## Task item
Nothing outside the range is wanted. Repeat exactly the lines below from the one with "Schedels - Zwart" through the one with "White-Green Silk Thread".

## Dataset entries
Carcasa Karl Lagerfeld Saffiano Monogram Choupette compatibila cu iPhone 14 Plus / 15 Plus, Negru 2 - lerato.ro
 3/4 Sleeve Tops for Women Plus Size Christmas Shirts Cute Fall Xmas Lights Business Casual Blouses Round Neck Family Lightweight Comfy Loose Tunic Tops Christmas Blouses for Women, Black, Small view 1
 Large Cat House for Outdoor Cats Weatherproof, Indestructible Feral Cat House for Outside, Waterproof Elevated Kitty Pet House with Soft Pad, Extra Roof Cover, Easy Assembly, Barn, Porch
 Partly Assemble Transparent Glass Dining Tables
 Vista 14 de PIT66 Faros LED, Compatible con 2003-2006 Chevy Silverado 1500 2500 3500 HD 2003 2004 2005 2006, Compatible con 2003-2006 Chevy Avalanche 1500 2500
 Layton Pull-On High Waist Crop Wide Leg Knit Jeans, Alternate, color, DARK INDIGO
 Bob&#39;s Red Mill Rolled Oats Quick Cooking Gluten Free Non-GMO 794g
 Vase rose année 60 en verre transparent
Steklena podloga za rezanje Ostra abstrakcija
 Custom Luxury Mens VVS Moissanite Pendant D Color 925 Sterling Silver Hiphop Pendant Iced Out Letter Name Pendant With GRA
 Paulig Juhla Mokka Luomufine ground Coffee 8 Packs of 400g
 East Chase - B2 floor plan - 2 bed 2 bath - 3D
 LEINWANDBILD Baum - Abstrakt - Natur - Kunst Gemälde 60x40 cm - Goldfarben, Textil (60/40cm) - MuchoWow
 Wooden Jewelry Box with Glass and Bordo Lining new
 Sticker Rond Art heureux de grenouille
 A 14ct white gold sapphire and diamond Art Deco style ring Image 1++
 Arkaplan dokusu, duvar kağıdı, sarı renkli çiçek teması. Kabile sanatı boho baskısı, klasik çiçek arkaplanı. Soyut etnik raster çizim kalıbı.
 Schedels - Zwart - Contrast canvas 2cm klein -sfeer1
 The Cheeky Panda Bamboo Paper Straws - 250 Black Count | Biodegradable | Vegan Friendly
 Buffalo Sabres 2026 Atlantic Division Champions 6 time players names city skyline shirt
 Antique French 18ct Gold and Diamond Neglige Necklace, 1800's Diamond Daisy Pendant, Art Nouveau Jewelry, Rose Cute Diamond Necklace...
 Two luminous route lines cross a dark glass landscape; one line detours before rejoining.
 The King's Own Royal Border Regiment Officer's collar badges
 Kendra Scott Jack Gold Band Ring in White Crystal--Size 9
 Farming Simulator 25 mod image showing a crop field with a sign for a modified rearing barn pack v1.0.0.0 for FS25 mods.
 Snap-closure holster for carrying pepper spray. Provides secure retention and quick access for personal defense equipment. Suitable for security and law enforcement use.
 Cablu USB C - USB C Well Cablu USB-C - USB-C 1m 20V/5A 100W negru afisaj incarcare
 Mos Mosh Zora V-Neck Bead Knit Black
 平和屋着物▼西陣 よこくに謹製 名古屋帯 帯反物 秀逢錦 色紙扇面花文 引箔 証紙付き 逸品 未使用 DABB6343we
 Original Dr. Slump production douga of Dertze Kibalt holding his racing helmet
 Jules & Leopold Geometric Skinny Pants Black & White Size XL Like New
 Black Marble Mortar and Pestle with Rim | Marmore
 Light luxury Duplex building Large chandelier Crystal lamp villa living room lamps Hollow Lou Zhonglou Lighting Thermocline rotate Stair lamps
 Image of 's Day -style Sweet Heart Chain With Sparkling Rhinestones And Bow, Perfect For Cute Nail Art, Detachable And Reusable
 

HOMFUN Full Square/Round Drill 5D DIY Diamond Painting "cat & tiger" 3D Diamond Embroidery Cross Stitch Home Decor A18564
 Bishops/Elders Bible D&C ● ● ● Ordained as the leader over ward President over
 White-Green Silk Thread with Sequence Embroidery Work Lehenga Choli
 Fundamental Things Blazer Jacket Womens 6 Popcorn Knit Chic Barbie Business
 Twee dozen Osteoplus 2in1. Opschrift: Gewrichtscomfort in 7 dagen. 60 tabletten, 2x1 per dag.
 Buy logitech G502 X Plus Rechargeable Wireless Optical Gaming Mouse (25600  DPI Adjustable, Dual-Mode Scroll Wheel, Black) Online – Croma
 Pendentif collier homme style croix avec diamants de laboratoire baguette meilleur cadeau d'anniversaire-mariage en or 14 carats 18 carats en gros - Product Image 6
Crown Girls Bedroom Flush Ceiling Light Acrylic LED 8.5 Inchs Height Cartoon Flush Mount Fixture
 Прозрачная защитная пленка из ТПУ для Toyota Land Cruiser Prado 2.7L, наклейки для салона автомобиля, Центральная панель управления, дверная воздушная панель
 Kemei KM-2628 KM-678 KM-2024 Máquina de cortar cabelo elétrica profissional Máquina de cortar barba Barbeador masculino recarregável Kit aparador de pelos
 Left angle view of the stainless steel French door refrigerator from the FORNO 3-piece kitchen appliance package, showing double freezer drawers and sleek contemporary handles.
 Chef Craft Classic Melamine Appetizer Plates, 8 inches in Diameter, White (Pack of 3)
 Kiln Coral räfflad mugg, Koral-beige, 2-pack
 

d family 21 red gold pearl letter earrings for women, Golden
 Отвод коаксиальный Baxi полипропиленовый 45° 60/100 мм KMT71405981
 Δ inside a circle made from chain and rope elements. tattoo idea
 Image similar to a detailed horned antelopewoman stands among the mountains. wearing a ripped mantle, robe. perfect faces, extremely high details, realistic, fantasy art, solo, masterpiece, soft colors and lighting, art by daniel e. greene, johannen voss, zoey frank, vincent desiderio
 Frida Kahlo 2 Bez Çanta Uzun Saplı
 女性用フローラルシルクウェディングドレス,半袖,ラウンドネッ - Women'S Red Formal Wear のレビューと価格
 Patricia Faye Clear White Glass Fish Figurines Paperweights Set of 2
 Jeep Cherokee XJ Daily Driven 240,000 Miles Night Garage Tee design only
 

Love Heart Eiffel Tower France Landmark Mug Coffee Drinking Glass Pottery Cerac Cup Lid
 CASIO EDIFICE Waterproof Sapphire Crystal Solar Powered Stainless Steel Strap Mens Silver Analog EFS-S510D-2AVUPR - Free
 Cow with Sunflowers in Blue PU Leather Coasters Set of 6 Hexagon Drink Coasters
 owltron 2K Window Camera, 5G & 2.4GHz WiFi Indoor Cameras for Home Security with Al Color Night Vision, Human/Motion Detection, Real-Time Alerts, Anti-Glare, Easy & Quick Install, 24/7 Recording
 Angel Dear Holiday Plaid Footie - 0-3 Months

## Finished exercise
 Schedels - Zwart - Contrast canvas 2cm klein -sfeer1
 The Cheeky Panda Bamboo Paper Straws - 250 Black Count | Biodegradable | Vegan Friendly
 Buffalo Sabres 2026 Atlantic Division Champions 6 time players names city skyline shirt
 Antique French 18ct Gold and Diamond Neglige Necklace, 1800's Diamond Daisy Pendant, Art Nouveau Jewelry, Rose Cute Diamond Necklace...
 Two luminous route lines cross a dark glass landscape; one line detours before rejoining.
 The King's Own Royal Border Regiment Officer's collar badges
 Kendra Scott Jack Gold Band Ring in White Crystal--Size 9
 Farming Simulator 25 mod image showing a crop field with a sign for a modified rearing barn pack v1.0.0.0 for FS25 mods.
 Snap-closure holster for carrying pepper spray. Provides secure retention and quick access for personal defense equipment. Suitable for security and law enforcement use.
 Cablu USB C - USB C Well Cablu USB-C - USB-C 1m 20V/5A 100W negru afisaj incarcare
 Mos Mosh Zora V-Neck Bead Knit Black
 平和屋着物▼西陣 よこくに謹製 名古屋帯 帯反物 秀逢錦 色紙扇面花文 引箔 証紙付き 逸品 未使用 DABB6343we
 Original Dr. Slump production douga of Dertze Kibalt holding his racing helmet
 Jules & Leopold Geometric Skinny Pants Black & White Size XL Like New
 Black Marble Mortar and Pestle with Rim | Marmore
 Light luxury Duplex building Large chandelier Crystal lamp villa living room lamps Hollow Lou Zhonglou Lighting Thermocline rotate Stair lamps
 Image of 's Day -style Sweet Heart Chain With Sparkling Rhinestones And Bow, Perfect For Cute Nail Art, Detachable And Reusable
 

HOMFUN Full Square/Round Drill 5D DIY Diamond Painting "cat & tiger" 3D Diamond Embroidery Cross Stitch Home Decor A18564
 Bishops/Elders Bible D&C ● ● ● Ordained as the leader over ward President over
 White-Green Silk Thread with Sequence Embroidery Work Lehenga Choli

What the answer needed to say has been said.